STORY
It was Friday, May 23rd, 2014. My first year in the States - I called it my golden year - I was enjoying my new life to the fullest, as a first year doctoral student at UCSB. Everything couldn’t be even more perfect in this beautiful central California.
That day, I spent the evening in the piano practice room composing my new piece, and went to Isla Vista for dinner. ‘Hmm, what should I have for dinner? Freebird? Habit?’
But somehow, I thought: well, let’s just go home and eat!
I biked home - only five minutes away from IV-, and heard fireworks.
‘OK. it’s Friday! Why not, it’s IV, full of parties!’
But it was not firework.
It was a gunshot.
It took me a long time to process what had just happened.

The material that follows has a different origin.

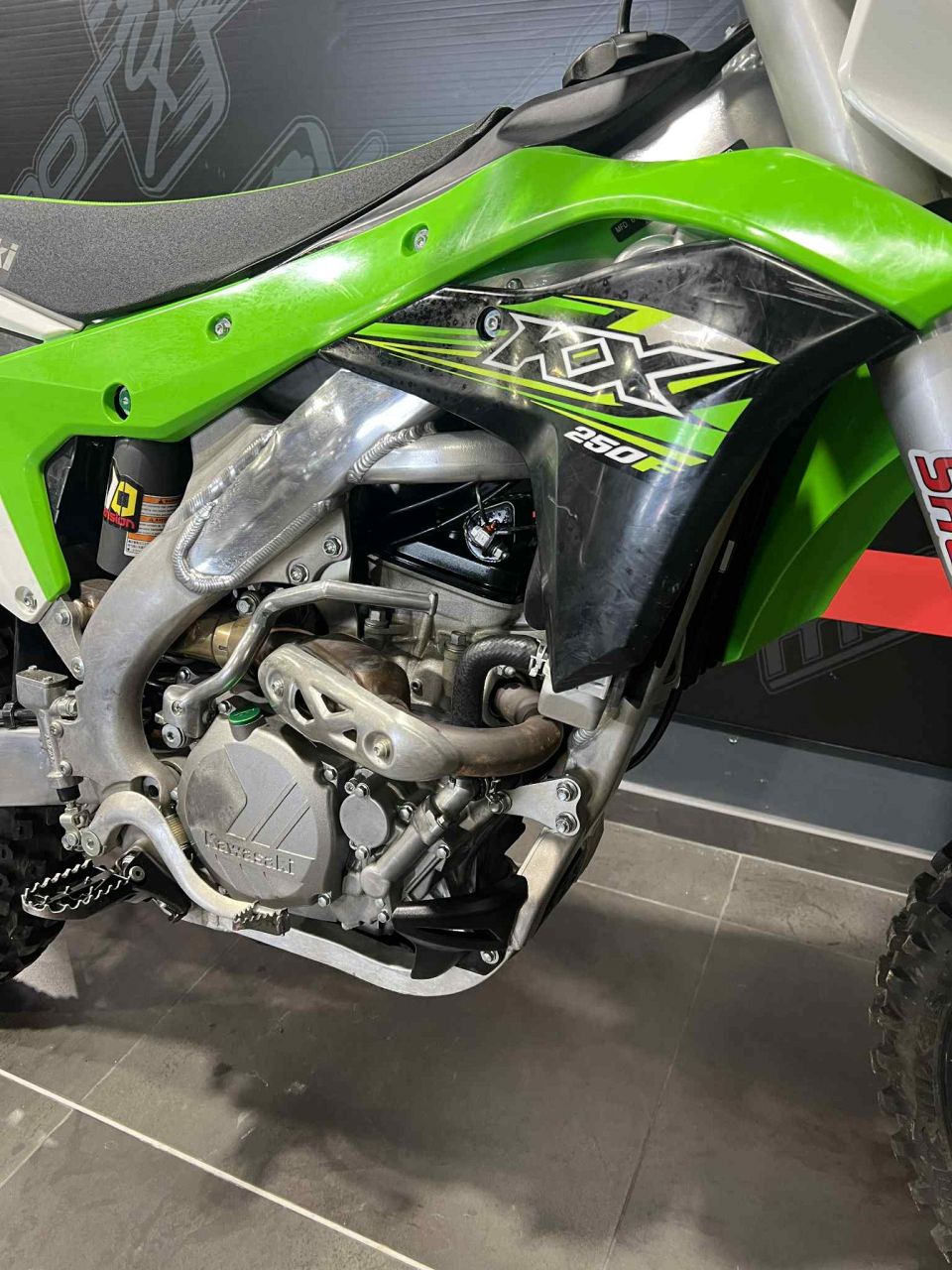 KAWASAKI 250 KXF 2018 15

One friend of mine in the same graduate student apartment knocked my door, telling me what just happened. I didn’t understand. I wasn’t good at English back then, and even didn’t know what “shooting” means. Shooting? Isn’t it for sports?
Even after I learned the meaning of shooting - “gun” - I still didn’t understand: how come? How can someone own a gun and kill people with it here in the student town, right next to campus? “Gunshot” sounded just like “I saw a ghost today.”

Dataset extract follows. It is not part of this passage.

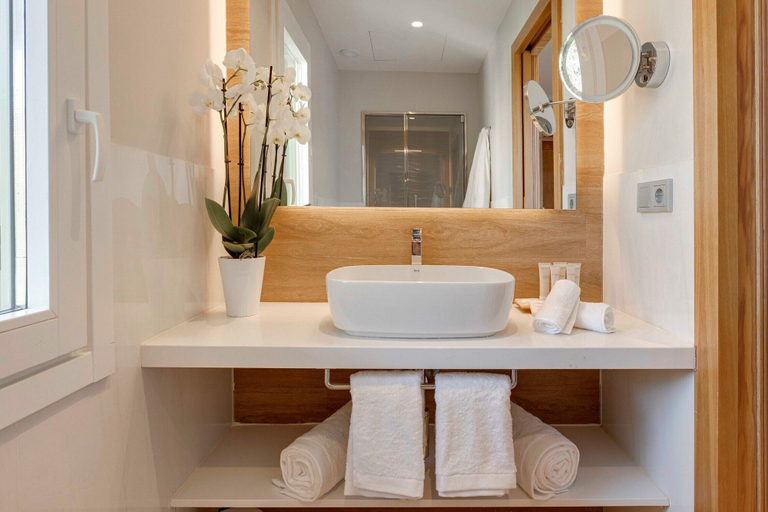 Bathroom 5, Hotel Boutique Mirlo Barcelona, Barcelona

A few hours later, I finally grasped what happened: six UCSB students were killed by gunshot that evening - the very street I parked my bike and thought ‘what should I eat?’ That’s where I passed every day to go to school, to go to meditation, and to go for meal. If I stayed…. I could have been one of the victims.

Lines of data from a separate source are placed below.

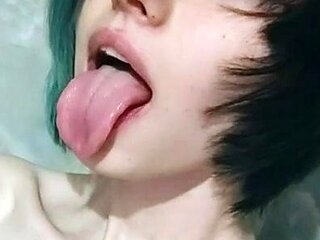 Love Chat Big Boobs Brunette Masturbating For Cam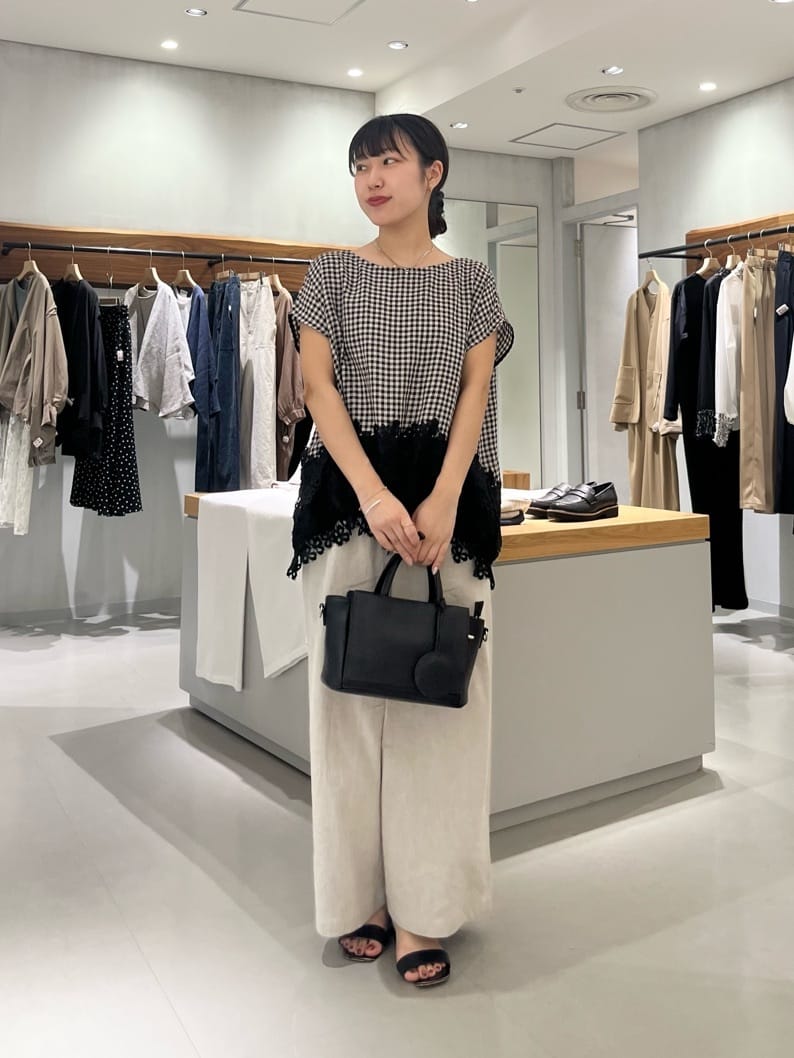 151cm ストレート イエベ秋

【 blouse 】freeサイズ

大人気の裾レースシリーズ。

裾のレースが目を惹きます。

裾には紐が通っており、お好みでシルエットが調整いただけます◎

またフレンチスリーブとなっており、
二の腕も気になりずらいお作り。

【 pants 】0サイズ

大人気のウエストリブシリーズ。

151cmで0サイズ着用。
足首くらいの丈感で裾上げなしで履けました◎

夏の暑い時期に重宝する1枚です。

I couldn’t sleep at all. The next morning, I ran into the church nearby, to pray for others and pray with others. I’m not a Christian, but the church - where I meditate - provided a safe place for anyone. I read out a prayer with others in tears and shock. Then a few days later, I joined in the memorial as one of the spokepersons.
The IV gunshot drew the first-year-in-America, a new immigrant who even didn’t know what “shooting” meant, but who could have died in the IV that night, to step into this tragedy, more deeply than I thought. This tragedy also revealed to me, who completely fell in love with my new life in the States, in the beautiful central California where I called paradise, a lot of layers that I didn’t notice back then: beyond the gun control, there were hatred, misogyny, race issue, peer pressure in sexual intercourse, loneliness and isolation, and more.
One year passed.
The next year May 2015, I joined in the memorial concert for IV tragedy with a mourning piece for string quartet. However, the question did not go away: what is this all about? What did it mean? Can arts change the world more than remembrance? Yes, hopefully. Maybe not, to be honest. What can I do, what can music do, to make the world even a teaspoonful better?
The concert was over, but the questions and the musical theme have hovered over my head and in my heart for years.
Three years passed.
May 23rd 2018, the 4th anniversary of the IV tragedy, this theme was brought back to life with more active and hopeful answer: yes, arts can change the world, and this is what musicians can do: “Hope in Labyrinth.”